The answer is the data repeated in full, with no pictures included.

* [DATA SECTION]:
* * *

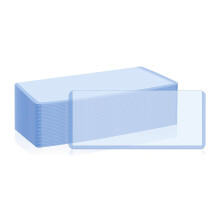 Pacote com 30 capas para notas de dólar - capas transparentes para notas de 6,8 x 2,9 polegadas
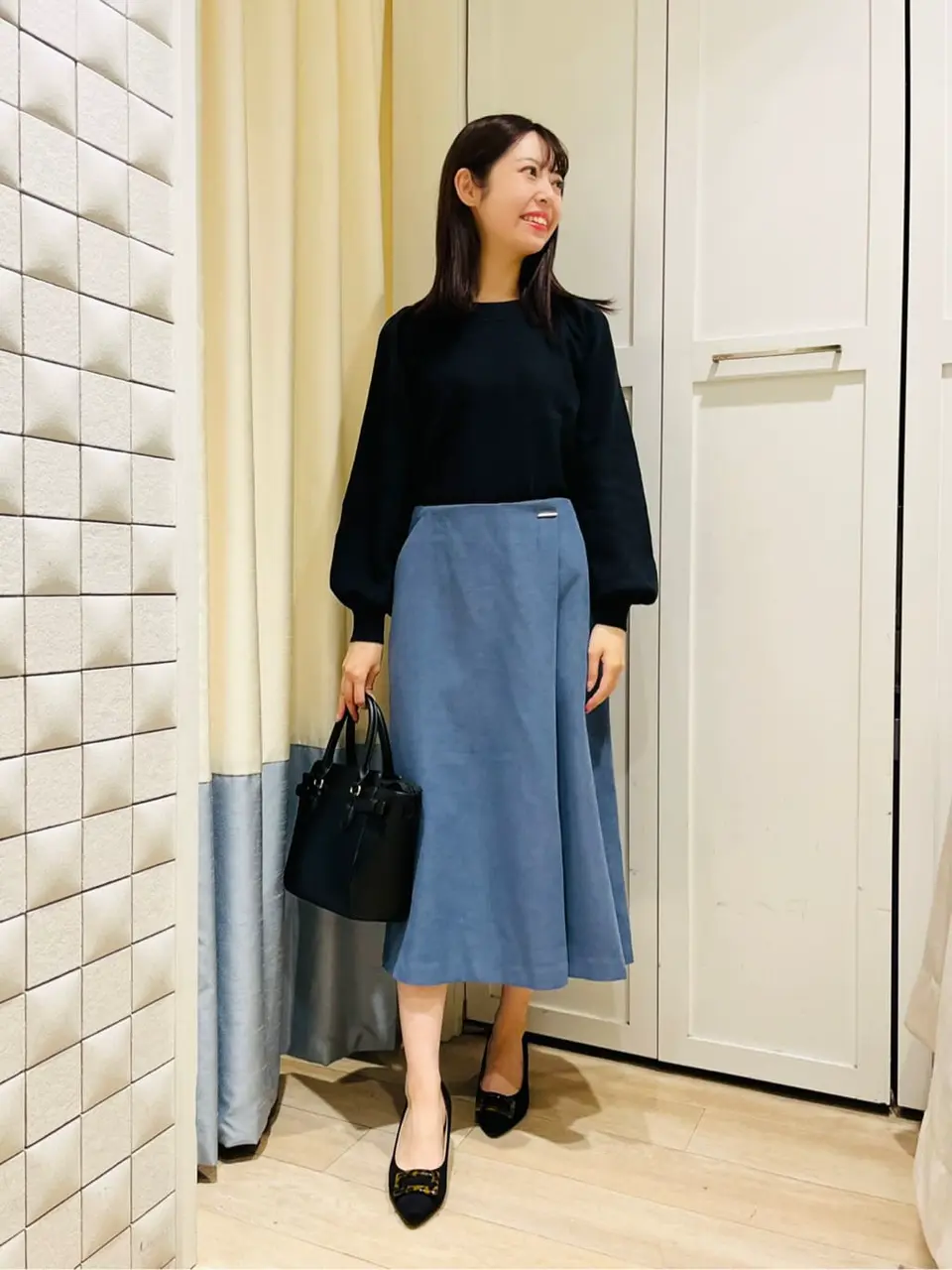 ANY SIS スタッフ コーディネート画像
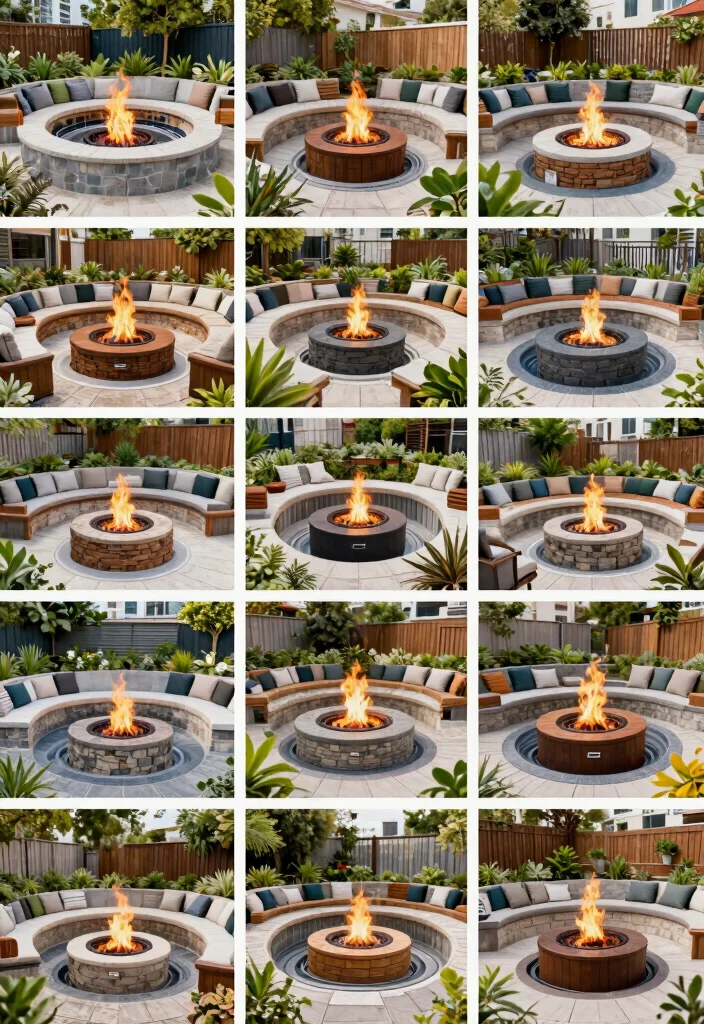 14 Sunken Fire Pit with Seating Ideas That Drain Water Fast - Conclusion 1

* * *

* [RESPONSE AREA]:
 Pacote com 30 capas para notas de dólar - capas transparentes para notas de 6,8 x 2,9 polegadas
 ANY SIS スタッフ コーディネート画像
 14 Sunken Fire Pit with Seating Ideas That Drain Water Fast - Conclusion 1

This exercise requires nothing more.